FWIW, I’m not -0, just think that long after the freeze date a change like this 
needs a strong mandate from the community.  I think the change is a good one.





> On 17 Oct 2018, at 22:09, Ariel Weisberg <ar...@weisberg.ws> wrote:
> 
> Hi,
> 
> It's really not appreciably slower compared to the decompression we are going 
> to do which is going to take several microseconds. Decompression is also 
> going to be faster because we are going to do less unnecessary decompression 
> and the decompression itself may be faster since it may fit in a higher level 
> cache better. I ran a microbenchmark comparing them.
> 
> https://issues.apache.org/jira/browse/CASSANDRA-13241?focusedCommentId=16653988&page=com.atlassian.jira.plugin.system.issuetabpanels:comment-tabpanel#comment-16653988
> 
> Fetching a long from memory:       56 nanoseconds
> Compact integer sequence   :       80 nanoseconds
> Summing integer sequence   :      165 nanoseconds
> 
> Currently we have one +1 from Kurt to change the representation and possibly 
> a -0 from Benedict. That's not really enough to make an exception to the code 
> freeze. If you want it to happen (or not) you need to speak up otherwise only 
> the default will change.
> 
> Regards,
> Ariel
> 
> On Wed, Oct 17, 2018, at 6:40 AM, kurt greaves wrote:
>> I think if we're going to drop it to 16k, we should invest in the compact
>> sequencing as well. Just lowering it to 16k will have potentially a painful
>> impact on anyone running low memory nodes, but if we can do it without the
>> memory impact I don't think there's any reason to wait another major
>> version to implement it.
>> 
>> Having said that, we should probably benchmark the two representations
>> Ariel has come up with.
>> 
>> On Wed, 17 Oct 2018 at 20:17, Alain RODRIGUEZ <arodr...@gmail.com> wrote:
>> 
>>> +1
>>> 
>>> I would guess a lot of C* clusters/tables have this option set to the
>>> default value, and not many of them are having the need for reading so big
>>> chunks of data.
>>> I believe this will greatly limit disk overreads for a fair amount (a big
>>> majority?) of new users. It seems fair enough to change this default value,
>>> I also think 4.0 is a nice place to do this.
>>> 
>>> Thanks for taking care of this Ariel and for making sure there is a
>>> consensus here as well,
>>> 
>>> C*heers,
>>> -----------------------
>>> Alain Rodriguez - al...@thelastpickle.com
>>> France / Spain
>>> 
>>> The Last Pickle - Apache Cassandra Consulting
>>> http://www.thelastpickle.com
>>> 
>>> Le sam. 13 oct. 2018 à 08:52, Ariel Weisberg <ar...@weisberg.ws> a écrit :
>>> 
>>>> Hi,
>>>> 
>>>> This would only impact new tables, existing tables would get their
>>>> chunk_length_in_kb from the existing schema. It's something we record in
>>> a
>>>> system table.
>>>> 
>>>> I have an implementation of a compact integer sequence that only requires
>>>> 37% of the memory required today. So we could do this with only slightly
>>>> more than doubling the memory used. I'll post that to the JIRA soon.
>>>> 
>>>> Ariel
>>>> 
>>>> On Fri, Oct 12, 2018, at 1:56 AM, Jeff Jirsa wrote:
>>>>> 
>>>>> 
>>>>> I think 16k is a better default, but it should only affect new tables.

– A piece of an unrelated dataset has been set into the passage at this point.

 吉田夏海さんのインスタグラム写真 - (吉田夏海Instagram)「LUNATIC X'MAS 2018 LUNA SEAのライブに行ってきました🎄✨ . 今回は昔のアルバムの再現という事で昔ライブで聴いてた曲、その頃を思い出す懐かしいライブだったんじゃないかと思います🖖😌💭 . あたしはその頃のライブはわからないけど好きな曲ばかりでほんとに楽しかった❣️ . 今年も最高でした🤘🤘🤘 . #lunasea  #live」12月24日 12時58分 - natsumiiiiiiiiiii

>>>>> Whoever changes it, please make sure you think about the upgrade path.
>>>>> 
>>>>> 
>>>>>> On Oct 12, 2018, at 2:31 AM, Ben Bromhead <b...@instaclustr.com>
>>> wrote:
>>>>>> 
>>>>>> This is something that's bugged me for ages, tbh the performance gain
>>>> for
>>>>>> most use cases far outweighs the increase in memory usage and I would
>>>> even
>>>>>> be in favor of changing the default now, optimizing the storage cost
>>>> later
>>>>>> (if it's found to be worth it).
>>>>>> 
>>>>>> For some anecdotal evidence:
>>>>>> 4kb is usually what we end setting it to, 16kb feels more reasonable
>>>> given
>>>>>> the memory impact, but what would be the point if practically, most
>>>> folks
>>>>>> set it to 4kb anyway?
>>>>>> 
>>>>>> Note that chunk_length will largely be dependent on your read sizes,
>>>> but 4k
>>>>>> is the floor for most physical devices in terms of ones block size.
>>>>>> 
>>>>>> +1 for making this change in 4.0 given the small size and the large
>>>>>> improvement to new users experience (as long as we are explicit in
>>> the
>>>>>> documentation about memory consumption).
>>>>>> 
>>>>>> 
>>>>>>> On Thu, Oct 11, 2018 at 7:11 PM Ariel Weisberg <ar...@weisberg.ws>
>>>> wrote:
>>>>>>> 
>>>>>>> Hi,
>>>>>>> 
>>>>>>> This is regarding
>>>> https://issues.apache.org/jira/browse/CASSANDRA-13241
>>>>>>> 
>>>>>>> This ticket has languished for a while. IMO it's too late in 4.0 to
>>>>>>> implement a more memory efficient representation for compressed
>>> chunk
>>>>>>> offsets. However I don't think we should put out another release
>>> with
>>>> the
>>>>>>> current 64k default as it's pretty unreasonable.
>>>>>>> 
>>>>>>> I propose that we lower the value to 16kb. 4k might never be the
>>>> correct
>>>>>>> default anyways as there is a cost to compression and 16k will still
>>>> be a
>>>>>>> large improvement.
>>>>>>> 
>>>>>>> Benedict and Jon Haddad are both +1 on making this change for 4.0.
>>> In
>>>> the
>>>>>>> past there has been some consensus about reducing this value
>>> although
>>>> maybe
>>>>>>> with more memory efficiency.
>>>>>>> 
>>>>>>> The napkin math for what this costs is:
>>>>>>> "If you have 1TB of uncompressed data, with 64k chunks that's 16M
>>>> chunks
>>>>>>> at 8 bytes each (128MB).
>>>>>>> With 16k chunks, that's 512MB.
>>>>>>> With 4k chunks, it's 2G.
>>>>>>> Per terabyte of data (pre-compression)."
>>>>>>> 
>>>>>>> 
>>>> 
>>> https://issues.apache.org/jira/browse/CASSANDRA-13241?focusedCommentId=15886621&page=com.atlassian.jira.plugin.system.issuetabpanels:comment-tabpanel#comment-15886621
>>>>>>> 
>>>>>>> By way of comparison memory mapping the files has a similar cost per
>>>> 4k
>>>>>>> page of 8 bytes. Multiple mappings makes this more expensive. With a
>>>>>>> default of 16kb this would be 4x less expensive than memory mapping
>>> a
>>>> file.
>>>>>>> I only mention this to give a sense of the costs we are already
>>>> paying. I
>>>>>>> am not saying they are directly related.
>>>>>>> 
>>>>>>> I'll wait a week for discussion and if there is consensus make the
>>>> change.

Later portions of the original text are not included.